TASK STATEMENT: Transcribe the entries below word for word, beginning at the line with "Круглий вуличний батут" and stopping after the line with "Imagine Masa de"; drop all pictures.

DATA FOR REVIEW:
++++++++

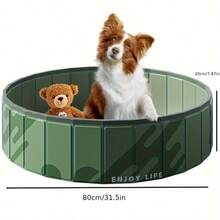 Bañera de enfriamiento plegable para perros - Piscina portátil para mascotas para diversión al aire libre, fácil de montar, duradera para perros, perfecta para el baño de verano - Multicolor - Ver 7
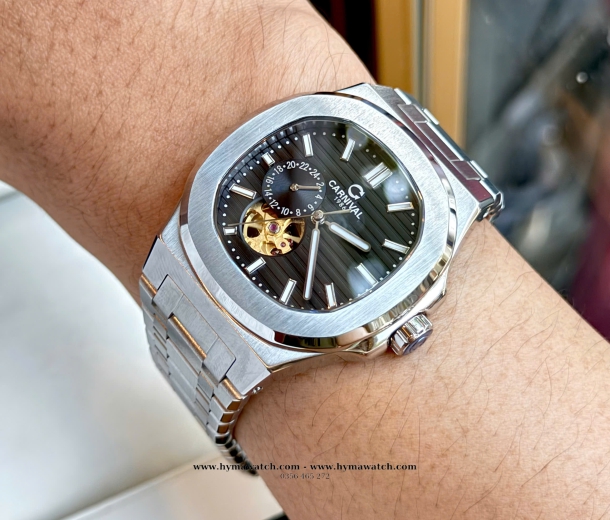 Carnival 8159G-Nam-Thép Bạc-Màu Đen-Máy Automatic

++++++++

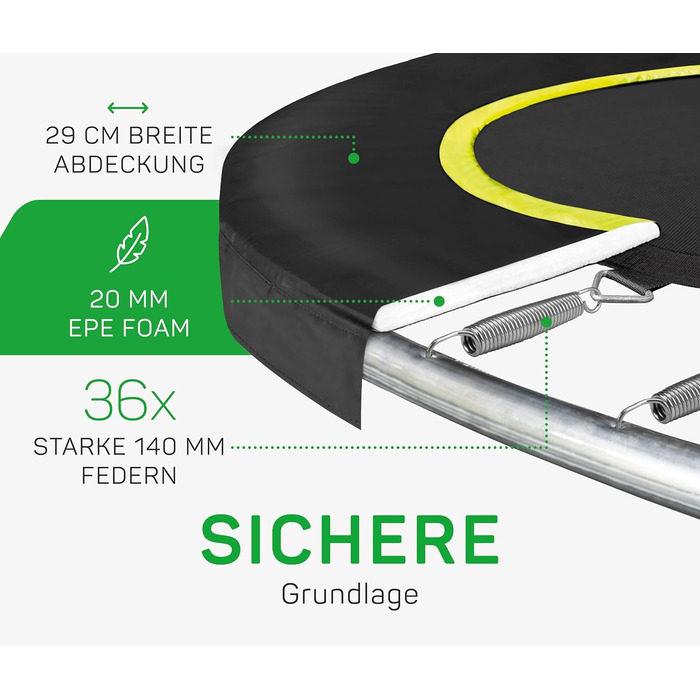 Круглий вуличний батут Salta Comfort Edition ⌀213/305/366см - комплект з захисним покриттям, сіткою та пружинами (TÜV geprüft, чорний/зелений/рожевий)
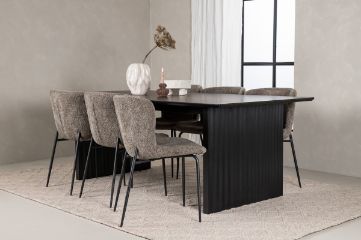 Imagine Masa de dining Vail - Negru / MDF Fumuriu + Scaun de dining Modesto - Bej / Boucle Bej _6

++++++++

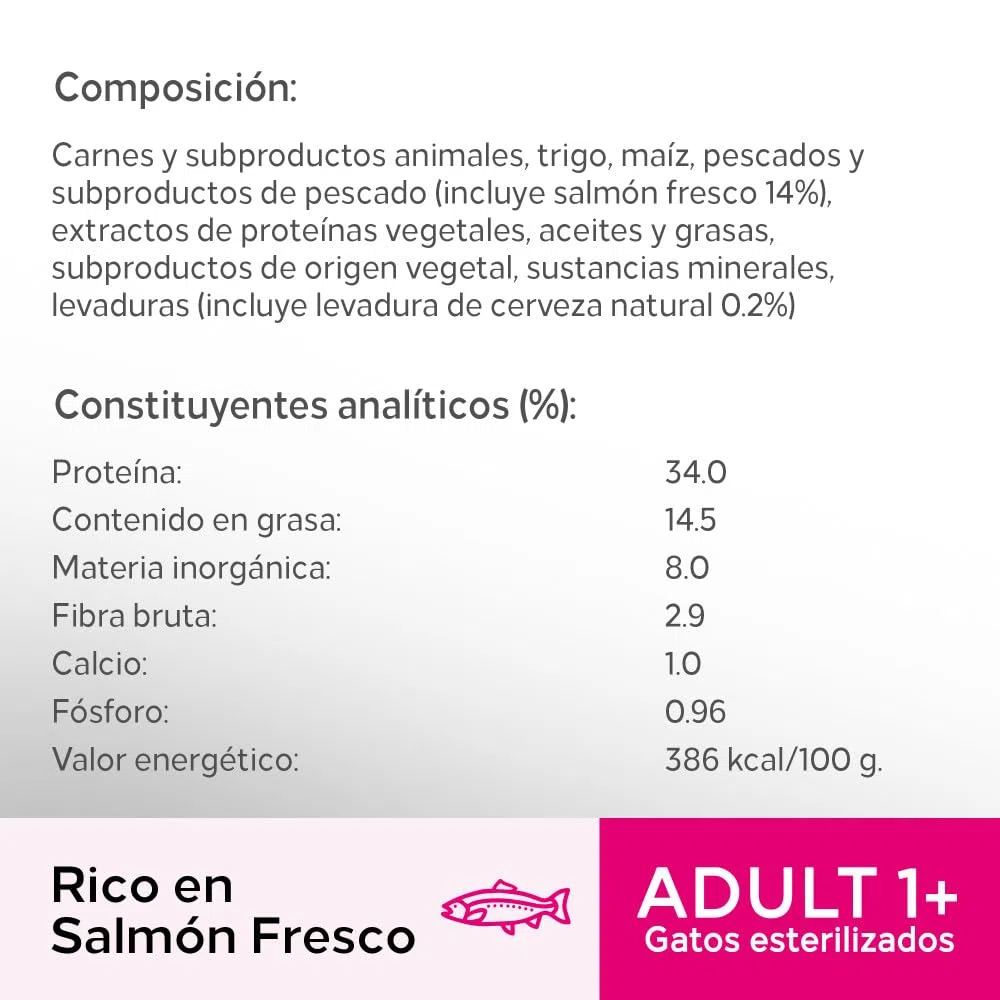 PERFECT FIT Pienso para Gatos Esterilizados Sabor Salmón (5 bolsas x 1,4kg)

++++++++

SOLUTION FOR THIS EXERCISE:
 Круглий вуличний батут Salta Comfort Edition ⌀213/305/366см - комплект з захисним покриттям, сіткою та пружинами (TÜV geprüft, чорний/зелений/рожевий)
 Imagine Masa de dining Vail - Negru / MDF Fumuriu + Scaun de dining Modesto - Bej / Boucle Bej _6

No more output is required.